There have been few studies on screening maize accessions in Xinjiang within the field of domestic maize accessions. This study focused on evaluating 14 traits of 192 maize accessions introduced to the Aral region of Xinjiang during the years 2022–2023. The objective was to investigate the growth habits and characteristics of its features in the Aral region of Xinjiang.

2. Results

2.1. Distribution Pattern of Phenotypic Traits of Maize Accessions from Different Sources

To examine the distribution patterns of various traits across maize accessions over two years, both bar charts and curve fitting were employed to illustrate the trait distributions, facilitating visualization of their distribution patterns. As depicted in Figure 1, the frequency distribution for each agronomic trait typically presents a central peak with lower frequencies at both ends. Notably, the frequency distribution ranges for traits such as spike leaf width, leaf width at the upper ear, number of leaves, and number of tassel branches exhibited minimal variation between the two years. Conversely, traits like ear height, chlorophyll content, and the number of effective spikes demonstrated more significant variations over the two years. Moreover, the frequency distribution ranges for most remaining traits were higher in 2022 compared to 2023, indicating that environmental factors exerted a relatively minor influence on the distribution of traits such as spike position, spike leaf width, leaf width at the upper ear, number of leaves, and number of tassel branches. Nonetheless, for the majority of traits, environmental conditions did play a considerable role in influencing their frequency distributions.
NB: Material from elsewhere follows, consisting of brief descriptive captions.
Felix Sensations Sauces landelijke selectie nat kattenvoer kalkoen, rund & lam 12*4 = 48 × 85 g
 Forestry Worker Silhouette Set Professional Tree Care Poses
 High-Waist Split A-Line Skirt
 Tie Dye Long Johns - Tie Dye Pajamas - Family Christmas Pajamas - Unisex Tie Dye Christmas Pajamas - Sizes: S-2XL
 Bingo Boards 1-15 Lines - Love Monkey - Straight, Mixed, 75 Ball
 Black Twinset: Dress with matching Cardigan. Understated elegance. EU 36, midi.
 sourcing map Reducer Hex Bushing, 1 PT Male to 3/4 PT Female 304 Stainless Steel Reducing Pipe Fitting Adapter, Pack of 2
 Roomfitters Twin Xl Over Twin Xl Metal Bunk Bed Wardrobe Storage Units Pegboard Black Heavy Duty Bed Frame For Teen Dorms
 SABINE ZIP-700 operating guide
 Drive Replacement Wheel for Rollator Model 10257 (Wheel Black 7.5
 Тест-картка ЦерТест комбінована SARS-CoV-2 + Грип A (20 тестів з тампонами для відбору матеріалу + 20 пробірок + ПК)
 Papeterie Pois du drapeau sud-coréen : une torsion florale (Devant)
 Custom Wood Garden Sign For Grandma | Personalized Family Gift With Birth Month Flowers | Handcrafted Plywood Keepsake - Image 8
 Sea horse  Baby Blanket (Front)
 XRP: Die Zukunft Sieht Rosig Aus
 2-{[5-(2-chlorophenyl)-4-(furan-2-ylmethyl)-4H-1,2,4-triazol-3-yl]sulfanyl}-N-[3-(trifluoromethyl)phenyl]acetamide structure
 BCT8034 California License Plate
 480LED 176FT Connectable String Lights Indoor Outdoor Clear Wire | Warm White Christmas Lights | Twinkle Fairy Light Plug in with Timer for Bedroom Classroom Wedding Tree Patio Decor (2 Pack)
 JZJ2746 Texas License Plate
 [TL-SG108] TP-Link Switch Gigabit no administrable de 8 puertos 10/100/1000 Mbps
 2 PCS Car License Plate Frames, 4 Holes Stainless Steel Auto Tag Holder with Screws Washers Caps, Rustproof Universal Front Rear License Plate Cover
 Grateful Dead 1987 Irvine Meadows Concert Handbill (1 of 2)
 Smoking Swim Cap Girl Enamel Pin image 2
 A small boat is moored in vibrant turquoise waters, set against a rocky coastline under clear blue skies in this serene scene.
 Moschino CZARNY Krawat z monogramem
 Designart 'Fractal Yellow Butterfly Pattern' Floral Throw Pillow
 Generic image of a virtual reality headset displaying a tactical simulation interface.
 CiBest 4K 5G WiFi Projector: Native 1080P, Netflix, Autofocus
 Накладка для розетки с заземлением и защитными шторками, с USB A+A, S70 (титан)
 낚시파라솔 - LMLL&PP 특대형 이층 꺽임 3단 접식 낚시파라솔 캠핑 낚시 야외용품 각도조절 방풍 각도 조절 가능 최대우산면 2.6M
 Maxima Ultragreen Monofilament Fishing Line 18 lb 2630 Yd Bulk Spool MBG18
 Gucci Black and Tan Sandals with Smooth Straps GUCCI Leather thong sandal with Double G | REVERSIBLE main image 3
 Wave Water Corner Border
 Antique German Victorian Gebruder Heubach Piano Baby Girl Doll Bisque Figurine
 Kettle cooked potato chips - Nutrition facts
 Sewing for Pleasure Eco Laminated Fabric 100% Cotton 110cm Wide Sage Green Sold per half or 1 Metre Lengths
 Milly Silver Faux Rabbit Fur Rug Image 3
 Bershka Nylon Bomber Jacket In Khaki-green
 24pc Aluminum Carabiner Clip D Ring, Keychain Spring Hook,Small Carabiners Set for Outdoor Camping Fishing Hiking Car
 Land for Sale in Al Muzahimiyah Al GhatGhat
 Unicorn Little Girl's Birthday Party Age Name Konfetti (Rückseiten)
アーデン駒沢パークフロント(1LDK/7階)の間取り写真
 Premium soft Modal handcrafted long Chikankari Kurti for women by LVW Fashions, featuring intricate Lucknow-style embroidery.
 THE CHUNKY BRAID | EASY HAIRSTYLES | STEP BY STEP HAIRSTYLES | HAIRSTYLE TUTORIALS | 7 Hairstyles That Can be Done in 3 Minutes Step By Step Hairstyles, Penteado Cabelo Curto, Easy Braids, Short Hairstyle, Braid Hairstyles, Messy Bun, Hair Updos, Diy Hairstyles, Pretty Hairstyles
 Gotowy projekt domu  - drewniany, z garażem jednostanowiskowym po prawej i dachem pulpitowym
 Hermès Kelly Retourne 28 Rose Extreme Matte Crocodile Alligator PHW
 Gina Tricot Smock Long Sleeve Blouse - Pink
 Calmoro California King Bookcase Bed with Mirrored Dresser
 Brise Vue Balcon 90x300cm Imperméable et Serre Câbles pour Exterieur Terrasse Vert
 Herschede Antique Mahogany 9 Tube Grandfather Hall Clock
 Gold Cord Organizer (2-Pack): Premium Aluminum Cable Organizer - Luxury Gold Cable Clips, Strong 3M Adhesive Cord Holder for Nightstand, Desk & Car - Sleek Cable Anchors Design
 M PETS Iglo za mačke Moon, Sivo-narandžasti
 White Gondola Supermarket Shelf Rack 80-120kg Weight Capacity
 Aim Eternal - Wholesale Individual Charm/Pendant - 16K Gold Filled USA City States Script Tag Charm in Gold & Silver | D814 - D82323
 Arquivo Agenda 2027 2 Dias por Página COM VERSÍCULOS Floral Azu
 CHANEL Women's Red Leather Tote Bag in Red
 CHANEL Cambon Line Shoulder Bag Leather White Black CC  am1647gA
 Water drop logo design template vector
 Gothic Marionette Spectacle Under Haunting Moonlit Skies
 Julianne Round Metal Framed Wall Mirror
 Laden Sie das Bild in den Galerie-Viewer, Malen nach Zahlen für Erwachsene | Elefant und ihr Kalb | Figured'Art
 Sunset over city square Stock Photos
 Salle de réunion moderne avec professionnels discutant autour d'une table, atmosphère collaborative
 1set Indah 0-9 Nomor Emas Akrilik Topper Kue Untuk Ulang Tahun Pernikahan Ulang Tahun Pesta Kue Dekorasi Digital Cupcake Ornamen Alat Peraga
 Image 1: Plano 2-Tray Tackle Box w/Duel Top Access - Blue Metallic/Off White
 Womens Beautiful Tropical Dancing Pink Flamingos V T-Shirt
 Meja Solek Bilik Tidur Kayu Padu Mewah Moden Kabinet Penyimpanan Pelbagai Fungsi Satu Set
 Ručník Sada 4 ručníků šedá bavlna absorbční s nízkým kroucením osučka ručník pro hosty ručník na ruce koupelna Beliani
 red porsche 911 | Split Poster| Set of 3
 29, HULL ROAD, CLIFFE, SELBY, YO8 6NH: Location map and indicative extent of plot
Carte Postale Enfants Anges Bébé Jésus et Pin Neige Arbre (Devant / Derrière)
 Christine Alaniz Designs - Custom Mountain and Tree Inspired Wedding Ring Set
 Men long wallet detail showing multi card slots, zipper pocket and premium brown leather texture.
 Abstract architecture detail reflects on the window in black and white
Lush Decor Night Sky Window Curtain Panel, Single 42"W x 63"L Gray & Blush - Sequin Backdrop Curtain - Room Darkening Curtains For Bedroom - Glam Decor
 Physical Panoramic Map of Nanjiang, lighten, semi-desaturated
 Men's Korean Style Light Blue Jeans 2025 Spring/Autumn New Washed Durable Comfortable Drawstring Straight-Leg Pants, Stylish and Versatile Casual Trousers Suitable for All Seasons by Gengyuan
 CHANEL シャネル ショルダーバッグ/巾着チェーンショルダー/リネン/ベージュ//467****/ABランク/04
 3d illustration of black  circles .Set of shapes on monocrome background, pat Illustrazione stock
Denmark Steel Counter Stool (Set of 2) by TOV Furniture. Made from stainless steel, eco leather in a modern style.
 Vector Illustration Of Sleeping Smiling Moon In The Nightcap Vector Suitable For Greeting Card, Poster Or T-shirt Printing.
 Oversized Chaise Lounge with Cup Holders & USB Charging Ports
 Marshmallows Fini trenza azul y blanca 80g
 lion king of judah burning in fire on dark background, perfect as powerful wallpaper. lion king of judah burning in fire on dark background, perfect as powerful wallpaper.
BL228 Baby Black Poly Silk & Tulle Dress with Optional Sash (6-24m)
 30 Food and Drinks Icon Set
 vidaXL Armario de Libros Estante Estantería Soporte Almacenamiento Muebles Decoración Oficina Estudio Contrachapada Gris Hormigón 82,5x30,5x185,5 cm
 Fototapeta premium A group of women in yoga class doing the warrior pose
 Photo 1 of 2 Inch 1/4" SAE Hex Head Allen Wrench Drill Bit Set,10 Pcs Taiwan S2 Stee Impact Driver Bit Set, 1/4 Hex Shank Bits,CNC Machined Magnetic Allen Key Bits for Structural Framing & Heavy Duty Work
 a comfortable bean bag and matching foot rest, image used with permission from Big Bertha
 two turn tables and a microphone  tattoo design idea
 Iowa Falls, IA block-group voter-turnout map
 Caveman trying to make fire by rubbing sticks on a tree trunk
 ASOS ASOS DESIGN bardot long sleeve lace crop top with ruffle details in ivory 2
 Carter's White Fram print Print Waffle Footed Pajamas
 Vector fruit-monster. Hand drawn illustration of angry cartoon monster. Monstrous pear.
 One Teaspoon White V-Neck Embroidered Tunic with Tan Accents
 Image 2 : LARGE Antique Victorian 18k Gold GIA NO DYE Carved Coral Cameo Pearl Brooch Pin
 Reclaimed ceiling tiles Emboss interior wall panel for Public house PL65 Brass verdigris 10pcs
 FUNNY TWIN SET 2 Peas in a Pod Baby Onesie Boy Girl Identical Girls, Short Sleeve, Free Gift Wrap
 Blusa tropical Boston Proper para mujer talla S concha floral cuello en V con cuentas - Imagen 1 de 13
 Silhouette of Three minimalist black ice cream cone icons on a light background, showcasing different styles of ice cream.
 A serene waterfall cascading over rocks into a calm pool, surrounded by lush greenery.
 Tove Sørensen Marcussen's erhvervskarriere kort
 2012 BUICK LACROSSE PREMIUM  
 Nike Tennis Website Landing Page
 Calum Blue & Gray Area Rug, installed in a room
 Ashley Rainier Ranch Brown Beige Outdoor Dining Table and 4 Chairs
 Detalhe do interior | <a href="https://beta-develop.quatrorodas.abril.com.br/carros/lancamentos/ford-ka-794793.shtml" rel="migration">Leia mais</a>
2.2. Diversity Analysis of Phenotypic Traits in Maize Accessions

The diversity index can more accurately reflect the genetic diversity of resources, with a higher index indicating greater diversity among traits [29]. An analysis of the agronomic trait data of 192 maize germplasms over two years revealed that, aside from plant height and stem–leaf angle, which exhibited significant mean value differences between the years, the mean values of other traits did not differ significantly(

Table 1. Diversity analysis of 192 maize accessions for 14 phenotypic traits in two years.

	2022						2023
Traits	Min	Max	Mean	SD	CV (%)	H’	Min	Max	Mean	SD	CV (%)	H’
Plant height/cm	117.07	360.27	213.82	49.81	23.30	2.036	97.33	288.60	192.28	39.07	20.32	2.079
Ear height/cm	29.10	213.57	98.28	37.54	38.20	1.994	29.33	179.23	99.57	32.13	32.27	2.063
Ear height to plant height ratio/%	21.90	74.48	44.91	9.34	20.78	2.079	18.57	83.29	51.19	10.36	20.24	2.053
Spike leaf length/cm	46.33	105.20	77.28	12.91	16.71	2.092	33.60	168.27	73.03	13.72	18.78	1.959
Spike leaf width/cm	5.67	11.33	8.37	1.32	15.73	2.078	5.03	12.23	8.58	1.33	15.55	2.055
Leaf length of upper ear/cm	42.60	109.70	76.18	13.72	18.02	2.069	30.70	104.00	70.77	11.76	16.62	2.069
Leaf width of upper ear/cm	5.17	11.47	8.31	1.20	14.48	2.093	4.70	11.60	8.51	1.30	15.30	2.066
Leaf number/piece	7.67	22.67	13.94	2.51	17.99	2.032	7.33	18.67	13.15	2.25	17.14	2.080
Effective spikes	0.77	1.08	0.97	0.05	5.60	2.023	0.88	1.07	0.98	0.04	3.78	2.020
Tassel branch number	5.00	34.67	17.76	5.70	32.11	2.069	5.33	31.00	16.66	5.06	30.37	2.086
Stem diameter/mm	13.22	35.76	24.17	3.88	16.06	2.058	15.71	38.02	26.22	4.53	17.28	2.081
Stem–leaf angle	21.67	73.67	41.08	8.53	20.76	1.993	18.67	57.33	35.42	6.97	19.68	2.049
Thousand kernel weight/g	59.24	433.10	220.50	63.92	28.99	2.058	71.57	502.88	218.55	63.30	28.96	2.005
Chlorophyll content	22.00	59.43	41.06	7.00	17.04	2.043	21.83	65.97	43.97	8.72	19.84	2.063

Note: H’ represents the Shannon–Weaver diversity index.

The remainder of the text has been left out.